Тавик же долго крутил в руках мои бумажные сутки, меняя местами день и ночь. Затем зачем-то, держа петлю на вытянутой руке, дважды повернулся вокруг своей оси и, помолчав, произнес:
– Тут надо думать.
Мою тогдашнюю концепцию суточной конфигурации времени я больше никому не представлял. Боялся реакции, сродни Бориной. А сейчас вот представил.
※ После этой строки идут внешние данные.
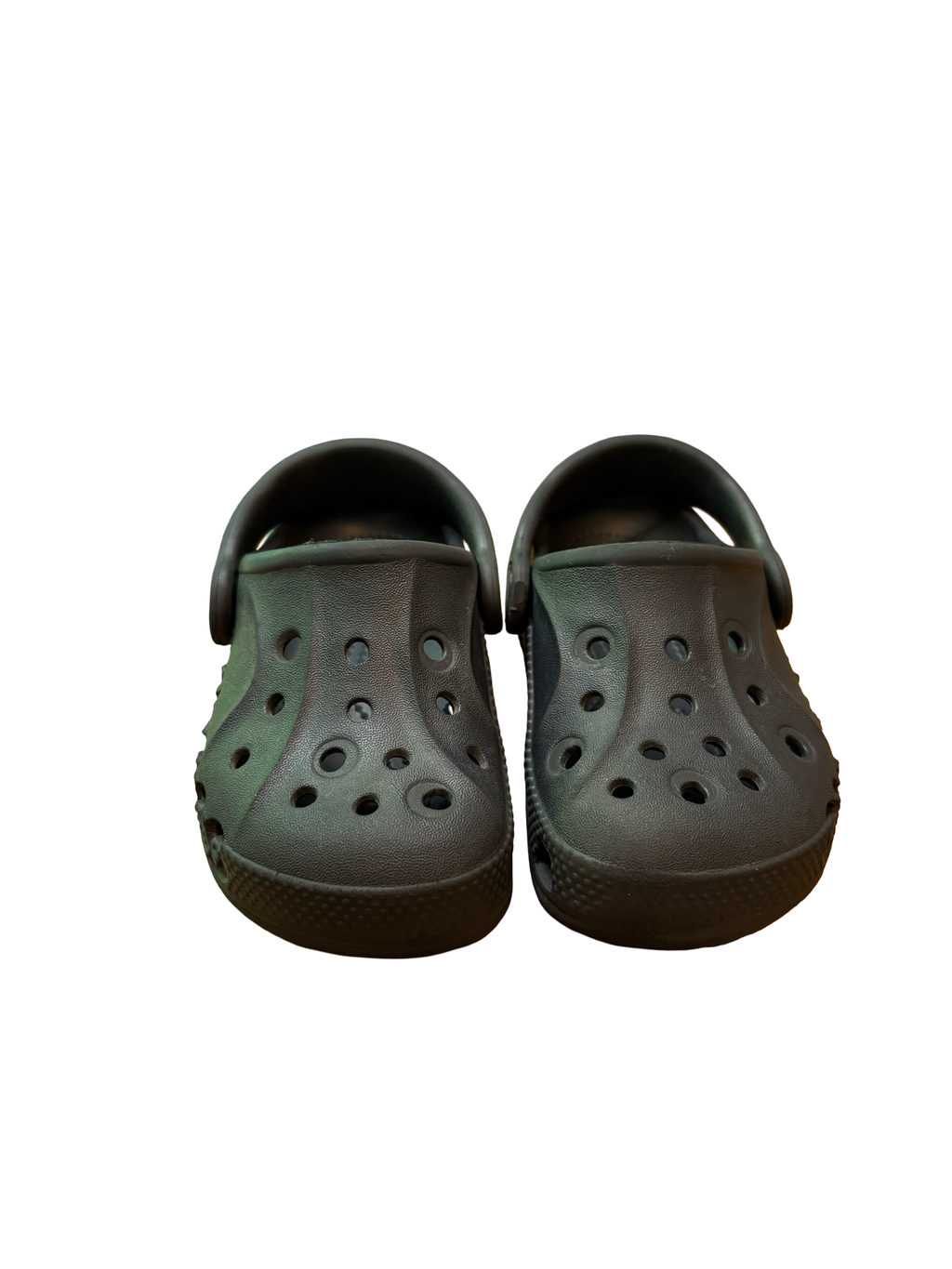 CROCS Chaussures Gr. C7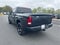 2020 RAM 1500 Classic Warlock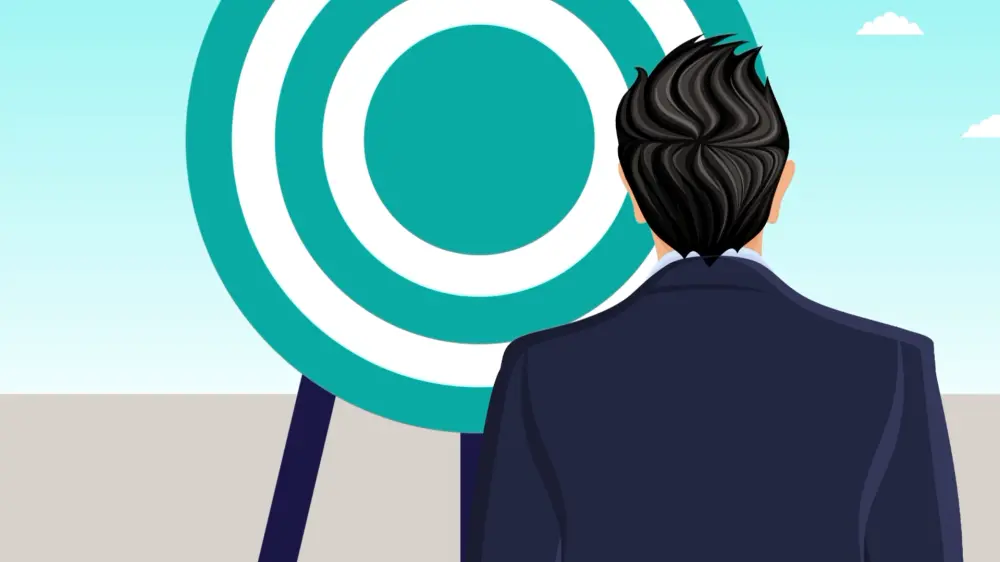 إعلانات الموشن جرافيك بأفكار مختلفه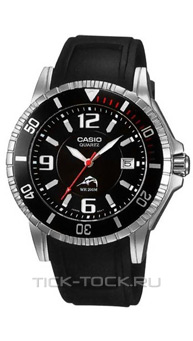  Casio MDV-101-1A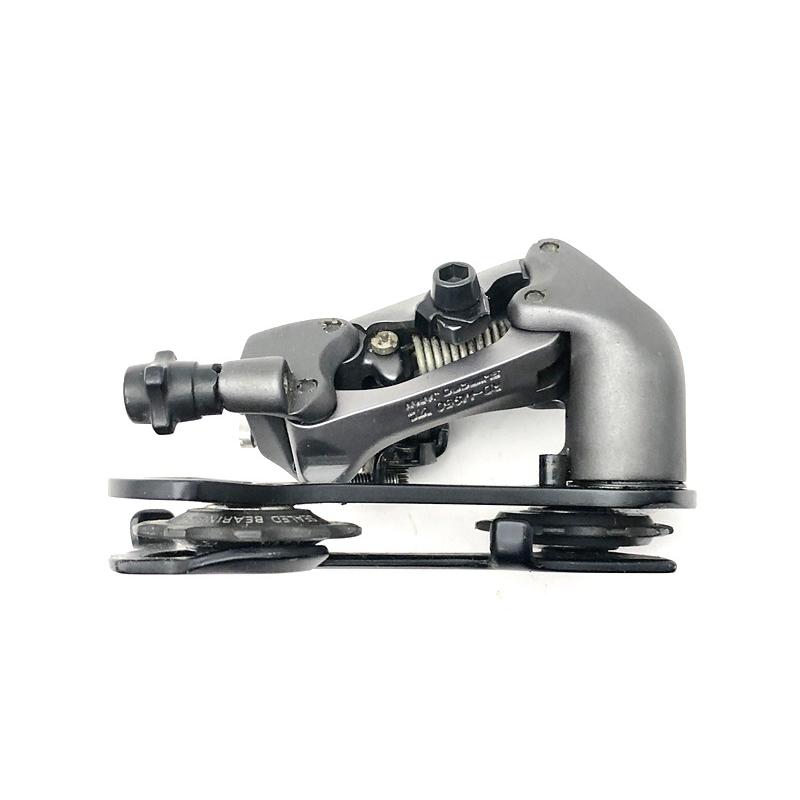 シマノ SHIMANO エックスティーアール RD-M950 XTR リア シマノ SHIMANO エックスティーアール RD-M950 XTR リア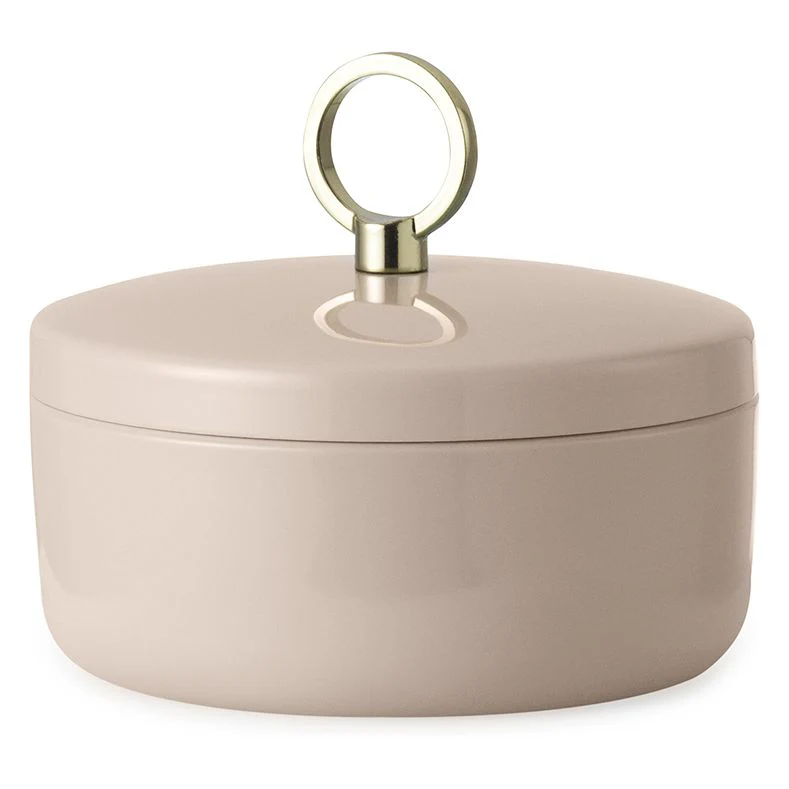 Ring Box - Image 4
Бояться мне уже нечего.
Вероятно, если бы я видел только зеленоватые цифры электронных часов, в моей голове сложилась бы другая конфигурация суточного временного промежутка.
Если сутки представлялись мне двойной петлей, то неделя моего детства начиналась справа, совсем рядом с моей правой рукой. Далее неделя пересекала мой путь почему-то наискось, справа налево. Но каким бы ни был текущий день недели, я его никогда не обгонял и не пересекал. Он всегда был впереди меня и следовал, неясно по каким законам психологии, почему-то наискось.
По форме дни недели вначале напоминали квадратики. И лишь в субботу квадрат начинал вытягиваться в длину. Особенно воскресенье. В начале недели воскресный прямоугольник казался длинным, почти бесконечным. В следующий понедельник мое только что прошедшее воскресенье представлялось совсем коротким, иногда вообще в виде тонкой вертикальной палочки.
Без глубокого психоанализа ясно, что я всегда был переполнен завышенными притязаниями, надеждами и ожиданиями на воскресный день и каким было мое разочарование действительностью.
Недели, как и дни, следовали в основном прямо. И, лишь складываясь в месяцы, мои недели приобретали вид дуги не только в горизонтальной, но и в вертикальной плоскости. Поэтому год мой представлялся огромным обручем с самой высокой точкой на западе, за колхозной тракторной бригадой.